After a long summer break, In Flagrante is now back and working towards a concert in November.


Although a lot of our usual trillers weren’t able to be present, we welcomed five new members who helped to give us a well balanced sound.


We started with a good warm up and a tongue twister “The Leith police dismisseth us” which was a real challenge, but appropriate to help us get our minds and tongues around the new songs.


Time After Time a 1983 song by American singer-songwriter Cyndi Lauper, co-written with Rob Hyman, who also provided backing vocals. The writing began with the title, which Lauper had seen in TV Guide magazine, referring to the science fiction film Time After Time (1979).


Music critics gave the song positive reviews, with many commending the song for being a solid and memorable love song.
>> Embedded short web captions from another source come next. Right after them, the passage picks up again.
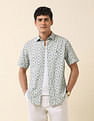 U.S. Polo Assn. Tailored Fit Geometric Printed Shirt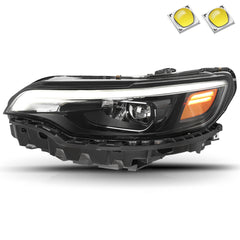 VehicleAid Full LED Headlights For 2019-2022 Jeep Cherokee Xenon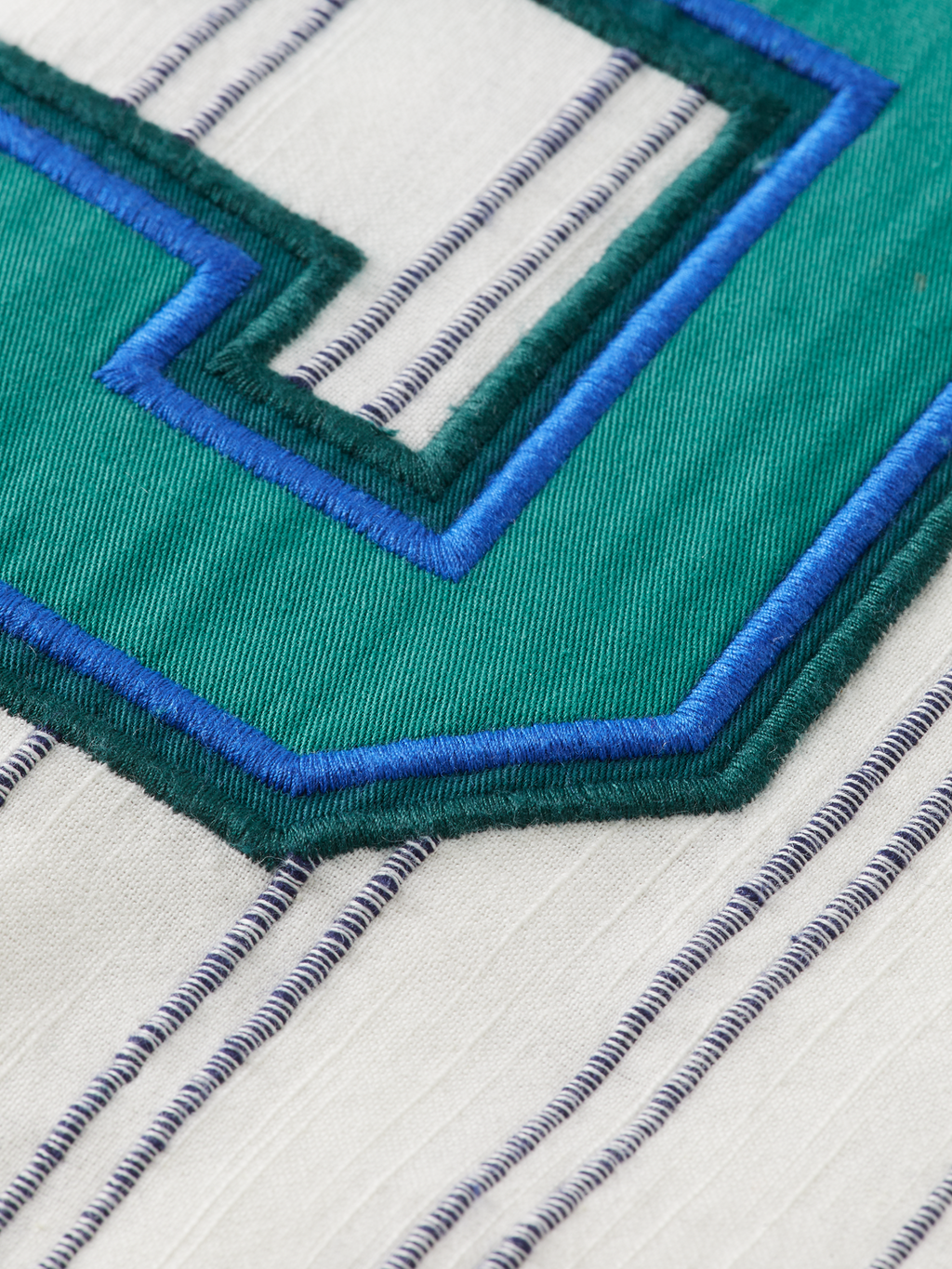 Relaxed-Fit Baseball Short Sleeve Shirt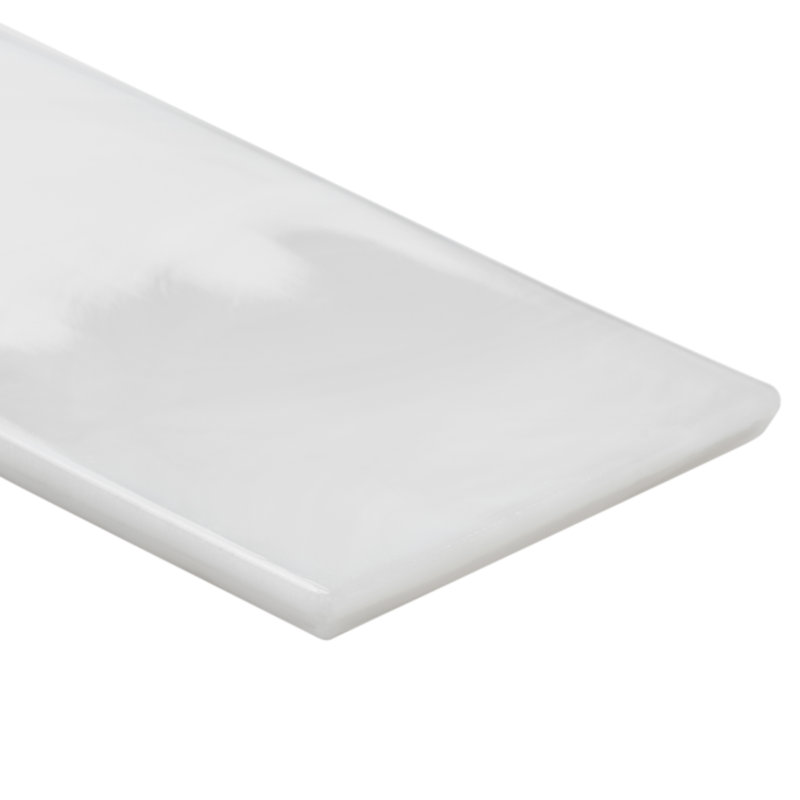 Hightower 3.03 In. X 12 In. Glass Subway Wall Tile (5.05 Sq. Ft. / Case), White/Gray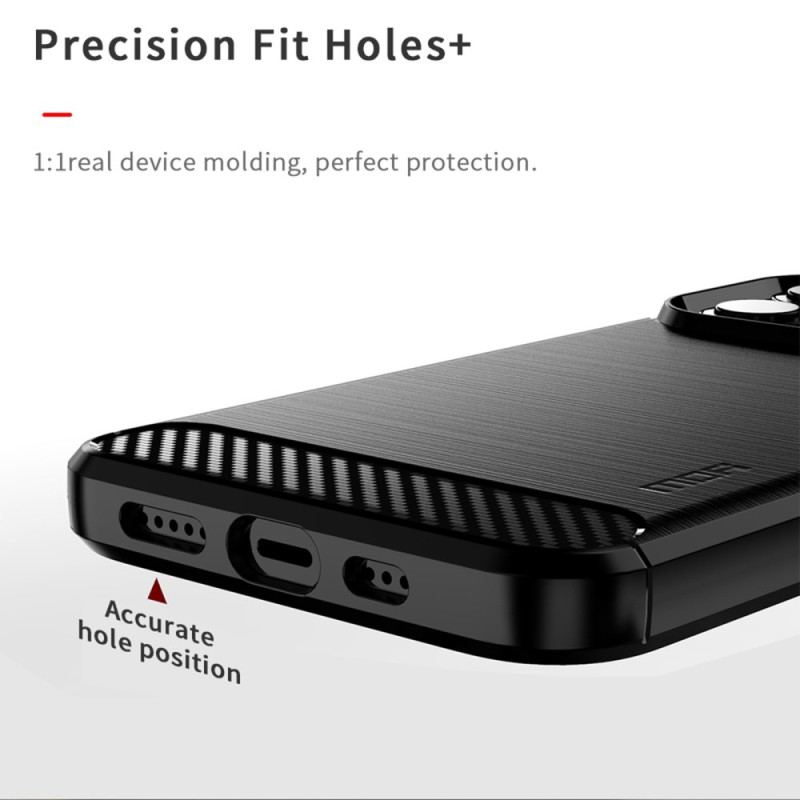 Coque iPhone 14 Pro Fibre Carbone Brossée MOFI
The song has been selected as one of the Best Love Songs of All Time by many media outlets, including Rolling Stone, Nerve, MTV and many others. It was also nominated for a Grammy Award for Song of the Year at the 1985 edition.


The song reached number three on the UK Singles Chart



Eamonn’s arrangement, includes the famous part “If you fall I will catch you, I will be waiting” sung by the lady Tenors and Altos.


As an 80s song, it only has four chords and the verses need to be sung with beauty and loveliness, while the chorus can be sung with gusto like a drunken aunt at a wedding!


However, Tenors beware! You do not have the tune until you reach the chorus! You will get there if you practice.


After a break for tea and wine we tackled another new song The Rhythm of Life a song from the musical Sweet Charity (1966) which was sung by Sammy Davis Jnr.


In 1969, the Supremes and the Temptations covered the song for their G.I.T. on Broadway television special and album. Their version was released as a single in Australia and New Zealand, where it was a top 5 and top 20 hit, respectively.


Rhythm of Life (Diana Ross & The Temptations 1974

Eammon’s arrangement doesn’t have harmonies in the way his songs usually do. We all basically sing the same tunes throughout, but at different times, so needs great concentration to follow where you sing your part.


No Ooohs for sopranos, just lots and lots and lots of words to fit in. This is where the tongue twister warm ups come into their own! Also a tricky little melody to learn!


First week back and already there is homework set!